General characteristics
- Class & type: LST-542-class tank landing ship
- Displacement: 1,625 long tons (1,651 t) (light); 4,080 long tons (4,145 t) (full (seagoing draft with 1,675 short tons (1,520 t) load); 2,366 long tons (2,404 t) (beaching);
- Length: 328 ft (100 m) oa
- Beam: 50 ft (15 m)
- Draft: Unloaded: 2 ft 4 in (0.71 m) forward; 7 ft 6 in (2.29 m) aft; Full load: 8 ft 3 in (2.51 m) forward; 14 ft 1 in (4.29 m) aft; Landing with 500 short tons (450 t) load: 3 ft 11 in (1.19 m) forward; 9 ft 10 in (3.00 m) aft; Limiting 11 ft 2 in (3.40 m); Maximum navigation 14 ft 1 in (4.29 m);
- Installed power: 2 × 900 hp (670 kW) Electro-Motive Diesel 12-567A diesel engines; 1,800 shp (1,300 kW);
- Propulsion: 1 × Falk main reduction gears; 2 × Propellers;
- Speed: 11.6 kn (21.5 km/h; 13.3 mph)
- Range: 24,000 nmi (44,000 km; 28,000 mi) at 9 kn (17 km/h; 10 mph) while displacing 3,960 long tons (4,024 t)
- Boats & landing craft carried: 2 x LCVPs
- Capacity: 1,600–1,900 short tons (3,200,000–3,800,000 lb; 1,500,000–1,700,000 kg) cargo depending on mission
- Troops: 16 officers, 147 enlisted men
- Complement: 13 officers, 104 enlisted men
- Armament: Varied, ultimate armament; 2 × twin 40 mm (1.57 in) Bofors guns ; 4 × single 40 mm Bofors guns; 12 × 20 mm (0.79 in) Oerlikon cannons;

Service record
- Awards: American Campaign Medal; Asiatic–Pacific Campaign Medal; World War II Victory Medal; Navy Occupation Service Medal w/Asia Clasp;

= USS LST-978 =

1945 LST-542-class tank landing ship

USS LST-978 was an in the United States Navy.
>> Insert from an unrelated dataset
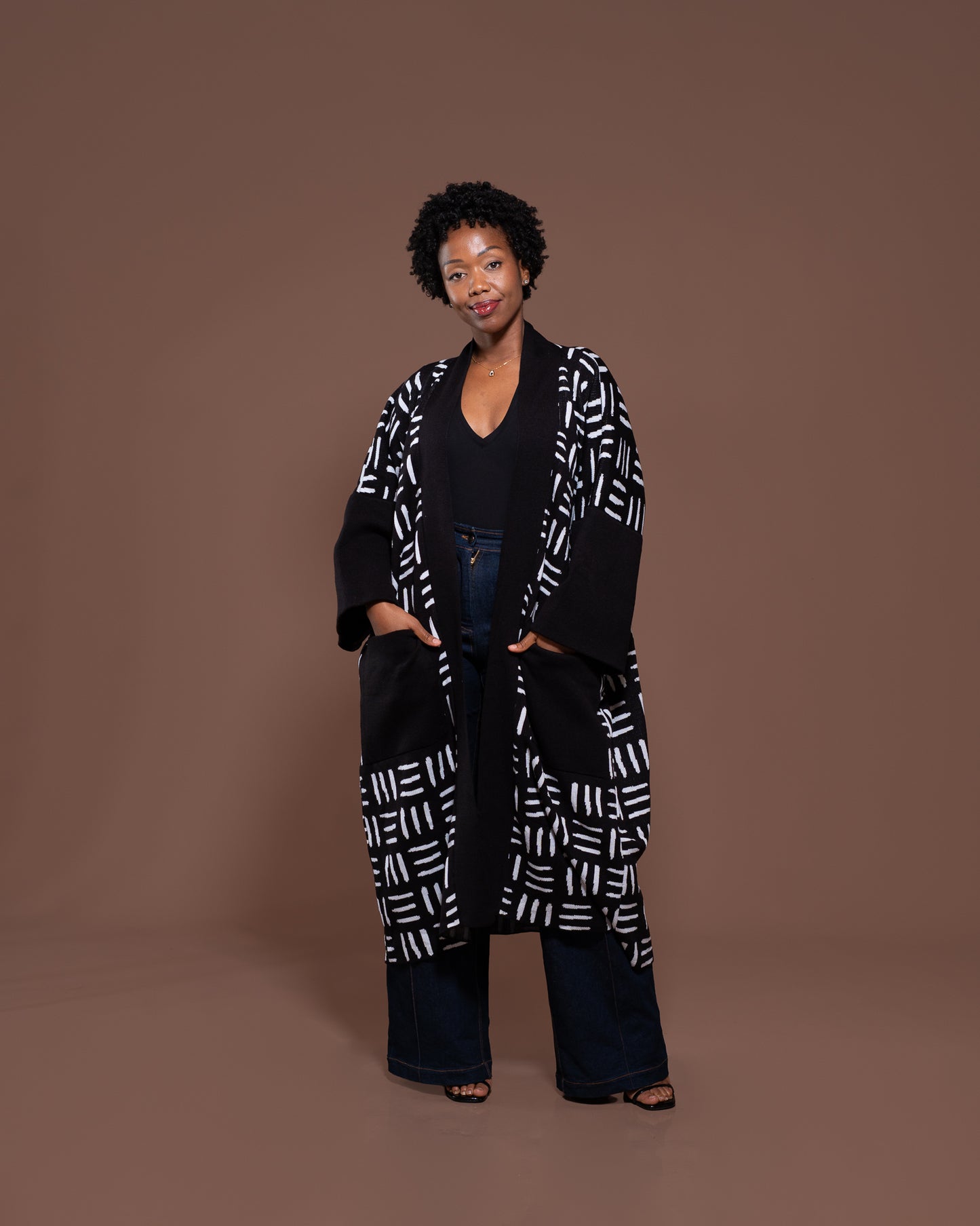 Sanaa Kimono in Black White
Like many of her class, she was not named and is properly referred to by her hull designation.

==Construction==
LST-978 was laid down on 15 December 1944, at Hingham, Massachusetts, by the Bethlehem-Hingham Shipyard; launched on 20 January 1945; sponsored by Mrs. Anna H. Phelan; and commissioned on 15 February 1945.

==Service history==
Following World War II, LST-978 performed occupation duty in the Far East until mid-December 1945. She returned to the United States and was decommissioned on 6 June 1946, and struck from the Navy list on 3 July, that same year. On 10 December 1947, the ship was sold to the Salco Iron & Metal Co., for scrapping.